The reason we see a lower world price is because of another supply and demand graph happening for the entire world. In this market a new equilibrium price is reached at a lower price, which then translates into the “world price” line we see for our domestic market of t-shirts.
Now firms do not like having business taken away by foreign competitors. This means less production going on in the home country, and a lower price received for the goods that they do manage to sell. What firms can try to do is get regulation or laws passed that potentially limit the amount of goods that can be imported. We will consider the impacts of tariffs on the previously described market.

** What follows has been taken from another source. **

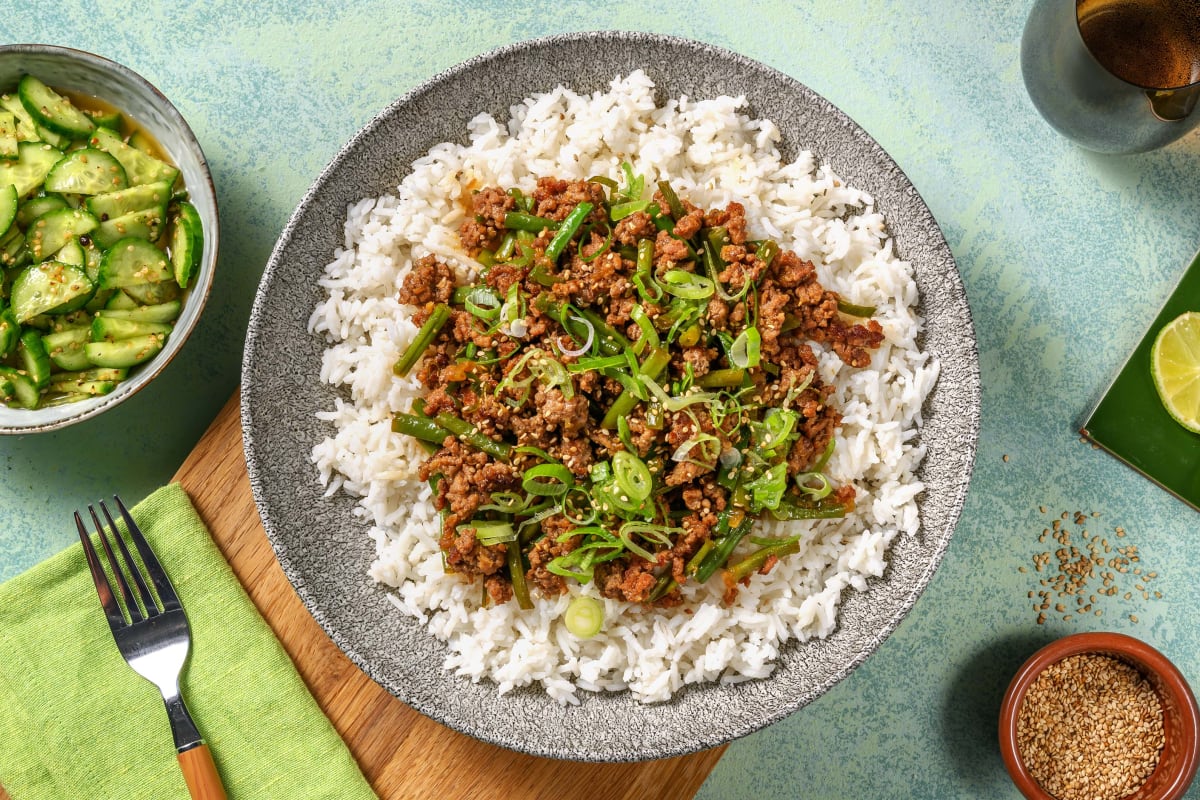 Teriyaki Beef Mince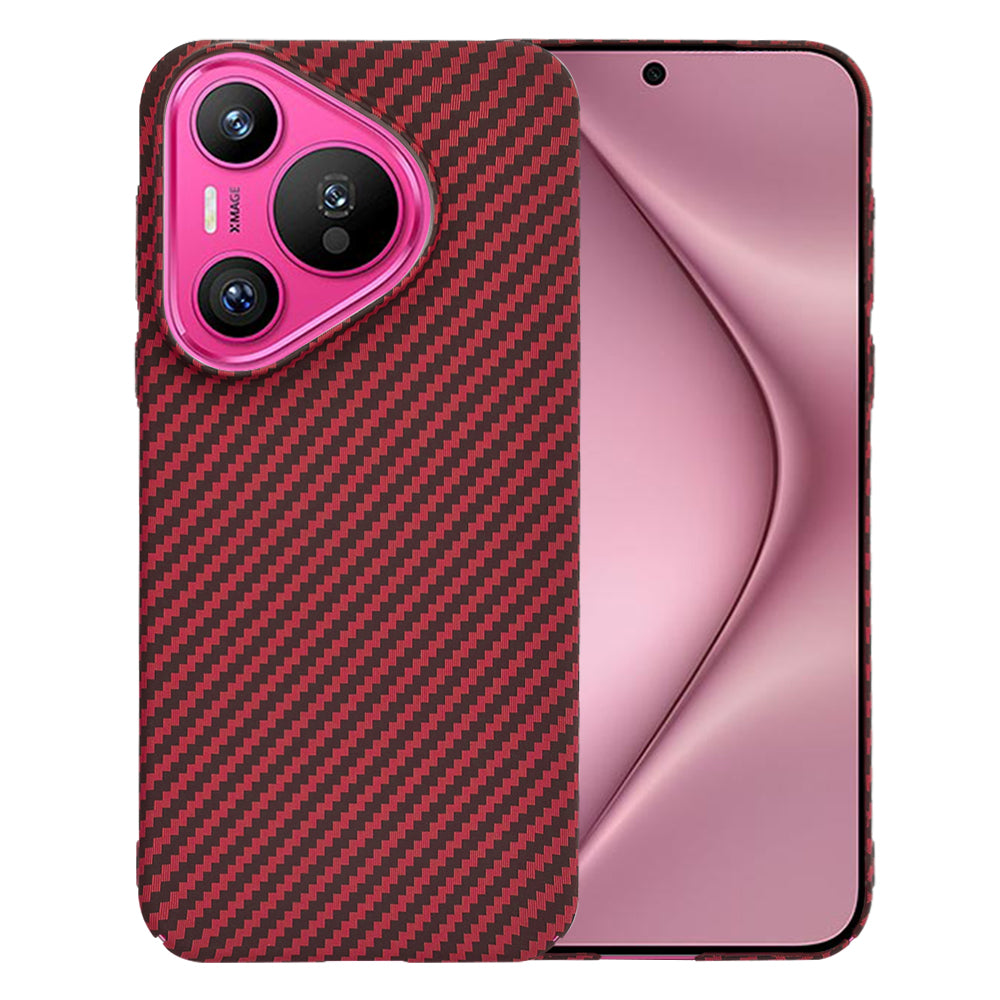 Θήκη για Huawei Pura 70, Techsuit, Carbonite FiberShell, Κόκκινο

The first we will look at is tariffs, a tariff is like a tax only charged on goods that are imported into the country. What this does is raise the price of the goods being imported into the country. If we apply a tariff to our market for t-shirts, we will see the World Price for t-shirts rise by the amount of the tariff. An example of this is shown below:
You can see from the graph that a tariff will increase the domestic price for t-shirts above the world price, and it will increase the quantity of t-shirts that are supplied domestically. This is good news for domestic firms because they get to produce more shirts, and get a higher price. If the domestic firms also don’t have to pay any lobbying fees, they will really like these tariffs. However, the introduction of tariffs produces a deadweight loss on the economy, which is why most economists oppose tariffs and promote free trade.
This deadweight loss occurs because the marginal benefits and the marginal costs are no longer equal to each other in the market. Before, when foreign firms supplied goods at the world price, the domestic firms competed by selling a lower quantity at a lower price. They still chose to sell at this price, but would prefer to get a higher price. Now with the tariff in place less t-shirts are demanded as a whole so consumer surplus goes down, even though producer surplus goes up. The net surplus of the domestic economy falls because of the introduction of tariffs. Check out the graph and equations below:
Consumer Surplus before tariff = a+b+c+d+e+f+g+h+i
Producer Surplus before tariff= j
Total Surplus before tariff = a+b+c+d+e+f+g+h+i+j
Consumer Surplus after tariff = a+b+c+d
Producer Surplus after tariff = j+e
Government revenue after tariff = g+h
Deadweight loss after tariff = f+i
So after the imposition of the tariff, the over surplus of the economy goes down by the amount of f+i. You can see this in the graph because it used to be part of the consumer surplus, and now it is neither in producer surplus or government revenue.
This post has gone over one of the dark sides of free trade by looking at its impact on firms and how firms can fight back by supporting tariffs. Even though tariffs make the economy as a whole worse off, they do make individual firms better off so we are likely to see their introduction and pressure for them into the future.